Prior knowledge in ultrasound imaging is not a prerequisite, since the candidate will be trained in this field at Creatis. Some background and interest in medical imaging and in ultrasound imaging in particular will nevertheless be an asset.

  1. References:

    1. Lorintiu, O., Liebgott, H., Alessandrini, M., Bernard, O., Friboulet, D., 2015. Compressed sensing reconstruction of 3D ultrasound data using dictionary learning and line-wise subsampling. IEEE Trans. Med. Imaging 34, 2467‑2477.

    2. Lorintiu, O., Liebgott, H., Friboulet, D., 2016. Compressed sensing Doppler ultrasound reconstruction using block sparse Bayesian learning. IEEE Trans. Med. Imaging 35, 978-987.

    3. Kulkarni, K., Lohit, S., Turaga, P., Kerviche, R., Ashok, A., 2016. ReconNet: Non-Iterative Reconstruction of Images from Compressively Sensed Random Measurements, IEEE Conference on Computer Vision and Pattern Recognition (CVPR), pp. 449-458.

    4. Mousavi, A., Baraniuk, R.G., 2017. Learning to invert: signal recovery via deep convolutional networks. ArXiv, 1‑5. https://arxiv.org/abs/1701.03891

    5. Gasse, M., Millioz, F., Roux, E., Garcia, D., Liebgott, H., Friboulet, D., 2017. High-Quality Plane Wave Compounding using Convolutional Neural Networks.

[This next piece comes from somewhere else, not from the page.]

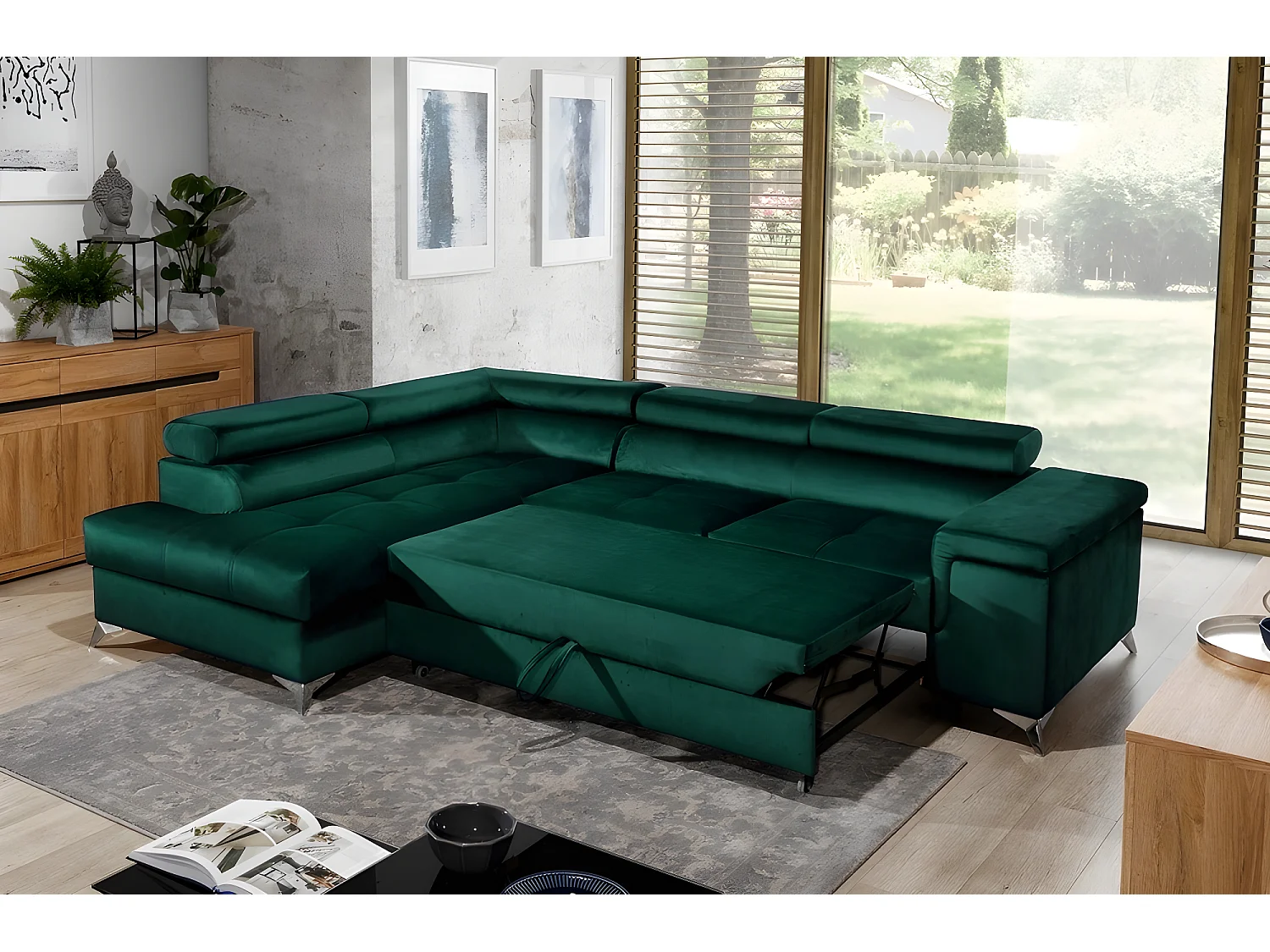 Canapé d'angle convertible - ERWAN - en tissu luxe 5 places, vert, angle gauche (vu de face)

IEEE Transactions on Ultrasonics, Ferroelectrics, and Frequency Control. PP. 1-1. 10.1109/TUFFC.2017.2736890

    6. Gasse, M. ,Millioz, F., Roux, E., Liebgott, H., Friboulet, D., 2017. Accelerating Plane Wave Imaging through Deep Learning-based Reconstruction: An Experimental Study. IEEE International Ultrasonics Symposium.

    7. Gasse, M., 2018. Deep Learning for ultrasound imaging IEEE International Ultrasonics Symposium, Invited talk, accepted.